What is required ->
From the line with "Pale Yellow" through the line with "Livro Órbita De Inverno Suma Das Letras (MP)", repeat the entries verbatim, both end lines included, and add nothing.

Provided entries ->
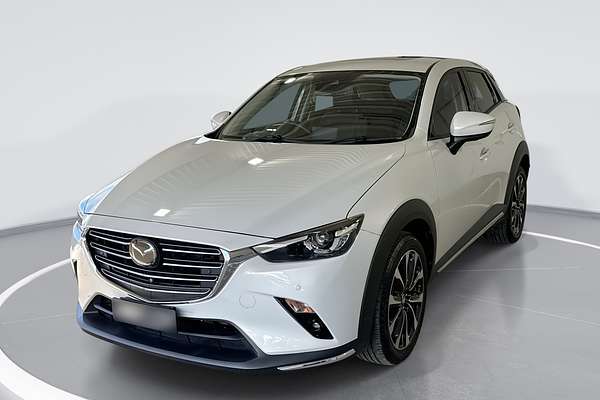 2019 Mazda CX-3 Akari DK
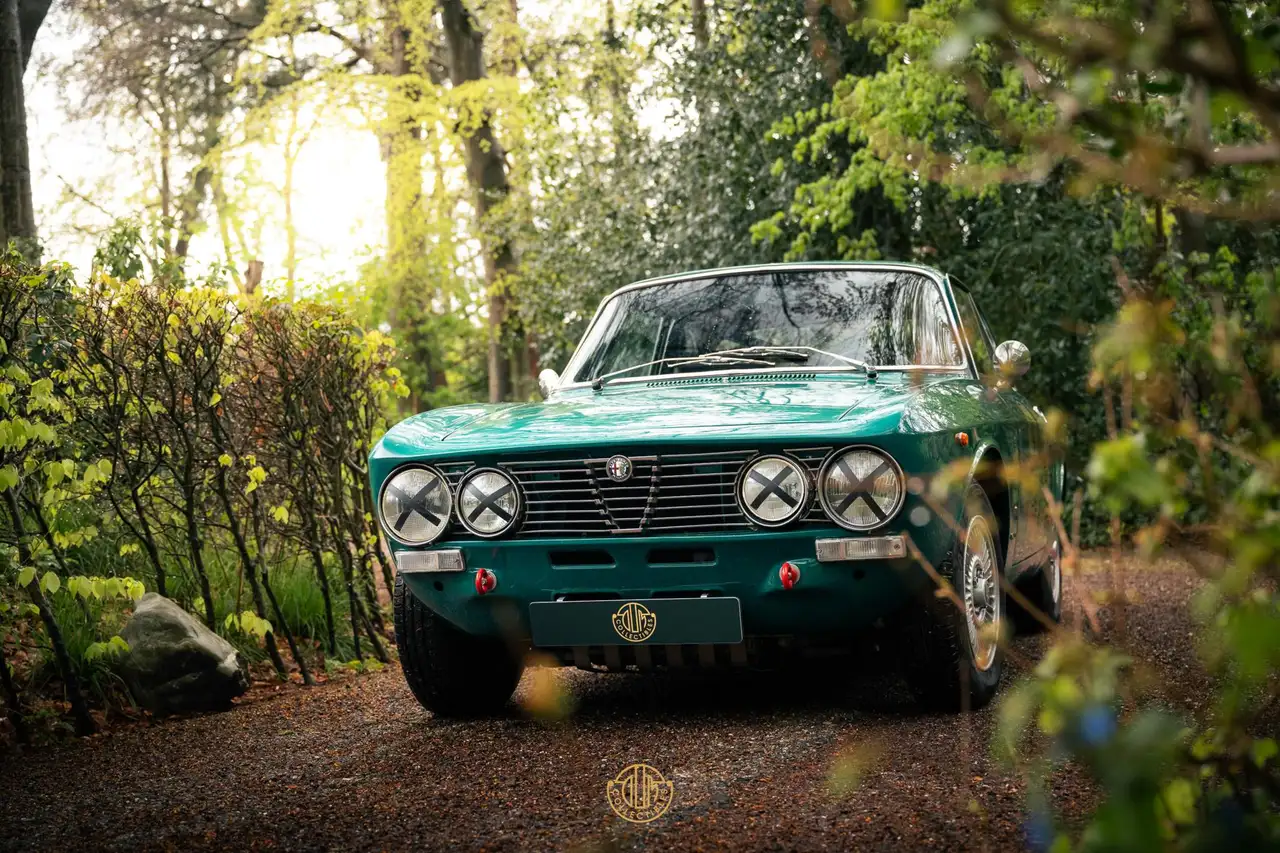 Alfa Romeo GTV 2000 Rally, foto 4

* * *

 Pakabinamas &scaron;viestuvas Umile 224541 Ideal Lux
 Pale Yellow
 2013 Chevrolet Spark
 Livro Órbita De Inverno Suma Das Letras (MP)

Output for this task ->
 Pale Yellow
 2013 Chevrolet Spark
 Livro Órbita De Inverno Suma Das Letras (MP)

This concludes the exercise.